第19話:神、世界の「不法投棄」を解析する
王都の薄暗い安宿。その一室で、吾輩たちは今日一日の
労働(撲殺)の成果を前に絶句していた。
テーブルに並んだのは、たったの銀貨五枚。
あの凄惨な草原の光景と、カイルの筋肉痛の代価がこれだ。
「……信じられん。あんなに袋いっぱいに角を詰めたのに。
これでは、今日もこのボロ宿の雑魚寝代で消えるぞ!
もっと、こう、強い魔物を獲ってこねば、
高額報酬は望めんのか!? これでは破産だ!」
「アスタロ様。より強力な魔物を狩れば報酬は増えますが、
……。それより、先ほど回収した魔物の残骸を
解析した結果、看過できない事実が判明しました」
ルナリエが、事務用バインダーから一枚の
奇妙な透かしの入った羊皮紙を取り出した。
そこには、この世界に勝手に湧き出している
魔物たちの「不自然な構造図」がびっしりと記されている。
「……なんだ、この歪な構造は。
吾輩が管理しているこの世界の生命系統図とは、
似ても似つかぬ不気味な形ではないか」
「ええ。ここがこの世界の『真のバグ』です。
……聞いてください。この魔物たちを形作っている
リソースは、この世界の物ではありません」
ルナリエの声が、夜の静寂に鋭く響く。
セレスがジョッキを置き、カイルが震えながら聞き入る。
「本来、この世界の生命は大気中のマナが
巡り、形を成すもの。しかし、今の魔物たちの核には、
外部から流入した『廃棄物』が埋め込まれています。
たとえるなら、 誰かが勝手に『余所の世界のゴミ』を投げ込み、
それを無理やり継ぎ接ぎして動かしているような状態です」
「……。外部からの流入だと?
神界以外のどこからそんなゴミが入り込む!」
「分かりません。
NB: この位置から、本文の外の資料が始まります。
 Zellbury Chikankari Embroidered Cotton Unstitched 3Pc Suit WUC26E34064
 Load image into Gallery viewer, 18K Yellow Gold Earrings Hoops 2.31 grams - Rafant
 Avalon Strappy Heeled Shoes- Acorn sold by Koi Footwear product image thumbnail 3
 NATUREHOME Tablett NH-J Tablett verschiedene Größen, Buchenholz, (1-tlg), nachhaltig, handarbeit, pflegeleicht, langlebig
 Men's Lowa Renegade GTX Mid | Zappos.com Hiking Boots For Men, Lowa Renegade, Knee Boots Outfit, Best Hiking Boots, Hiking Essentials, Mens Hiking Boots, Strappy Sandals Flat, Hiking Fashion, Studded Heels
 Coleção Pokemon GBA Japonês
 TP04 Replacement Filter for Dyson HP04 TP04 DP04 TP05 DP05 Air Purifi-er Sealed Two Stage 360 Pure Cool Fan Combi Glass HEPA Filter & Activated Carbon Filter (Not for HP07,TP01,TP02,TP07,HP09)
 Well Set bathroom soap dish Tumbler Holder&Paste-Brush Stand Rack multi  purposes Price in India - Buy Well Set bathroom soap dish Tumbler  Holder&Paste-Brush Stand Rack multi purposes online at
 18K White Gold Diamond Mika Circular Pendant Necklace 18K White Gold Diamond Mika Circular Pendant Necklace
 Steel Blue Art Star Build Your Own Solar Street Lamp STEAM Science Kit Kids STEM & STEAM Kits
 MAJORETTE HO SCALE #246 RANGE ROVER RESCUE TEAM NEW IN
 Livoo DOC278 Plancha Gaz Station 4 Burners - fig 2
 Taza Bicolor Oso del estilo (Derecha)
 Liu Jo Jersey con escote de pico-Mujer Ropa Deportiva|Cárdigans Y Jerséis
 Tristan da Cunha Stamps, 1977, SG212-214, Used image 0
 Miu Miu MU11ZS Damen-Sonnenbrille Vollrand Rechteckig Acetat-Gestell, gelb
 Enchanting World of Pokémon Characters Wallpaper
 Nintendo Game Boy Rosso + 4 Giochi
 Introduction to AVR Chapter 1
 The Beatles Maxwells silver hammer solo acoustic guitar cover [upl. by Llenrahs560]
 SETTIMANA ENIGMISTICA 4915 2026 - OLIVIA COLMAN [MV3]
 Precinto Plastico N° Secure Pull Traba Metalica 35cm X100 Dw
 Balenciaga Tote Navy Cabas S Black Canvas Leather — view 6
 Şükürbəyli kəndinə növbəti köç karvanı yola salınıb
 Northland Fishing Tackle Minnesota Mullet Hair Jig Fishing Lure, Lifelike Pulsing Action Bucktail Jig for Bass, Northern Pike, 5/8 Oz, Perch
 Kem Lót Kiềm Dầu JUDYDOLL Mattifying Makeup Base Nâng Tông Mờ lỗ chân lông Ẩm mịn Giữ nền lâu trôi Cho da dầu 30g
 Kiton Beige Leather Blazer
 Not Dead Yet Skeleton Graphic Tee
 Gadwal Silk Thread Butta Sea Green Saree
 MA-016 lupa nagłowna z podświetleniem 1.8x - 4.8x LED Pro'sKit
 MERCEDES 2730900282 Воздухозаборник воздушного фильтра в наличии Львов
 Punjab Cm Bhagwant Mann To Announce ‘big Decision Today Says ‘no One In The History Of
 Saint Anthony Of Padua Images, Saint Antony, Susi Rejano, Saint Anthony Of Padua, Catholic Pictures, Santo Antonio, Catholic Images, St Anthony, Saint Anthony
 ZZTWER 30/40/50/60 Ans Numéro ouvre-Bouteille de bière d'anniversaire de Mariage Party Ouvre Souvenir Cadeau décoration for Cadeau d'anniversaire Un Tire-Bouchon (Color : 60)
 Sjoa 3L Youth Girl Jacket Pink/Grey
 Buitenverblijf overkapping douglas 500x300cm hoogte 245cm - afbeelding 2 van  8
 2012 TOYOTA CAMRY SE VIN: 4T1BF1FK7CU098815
ですが、この不自然な魔物たちは
倒しても良質なマナに戻らず、世界を汚染し続けます。
人間には倒すべき脅威でも、世界にとっては、
存在しないはずの『毒』を流し込まれているのです」
ルナリエの報告に、吾輩は背筋が凍るのを感じた。
魔王が三日で復活するのも、この「ゴミの投棄」が原因か。
すると、横でつまみを食っていたセレスがポツリと漏らした。
「あー、それね。魔族四天王のあいつのせいだよ。
あいつ、いっつも変なものばかり集めてくるから……。
あ。……あ、やべ。これ、内緒だった気がする」
「…………。おい、セレス。今、なんと言った?」
「え? な、何も言ってないよ!
今の独り言! 空耳! 酒のせい!」
セレスが顔を真っ赤にしてジョッキで顔を隠すが、遅い。
吾輩は、逃げようとする彼女の首根っこを掴み上げた。
「……白状しろ。なぜ前代勇者の仲間にいたお前が、
四天王の仕業だと断定できる?
その犯人とやらは、今どこにいる!」
「うぅ……。魔族領と王国の境にある『断絶の砦』だよ!
あそこに引きこもって、ずっと何かやってるんだよ!
あーあ、喋っちゃった。私の平穏な隠居生活がぁ……」
犯人の居場所は分かった。
吾輩は神である。
そして、今日からはこの世界のルールであり――
庭を汚している犯人を特定するため、
まずは砦へ殴り込むことを決めた、激怒中の創造主である。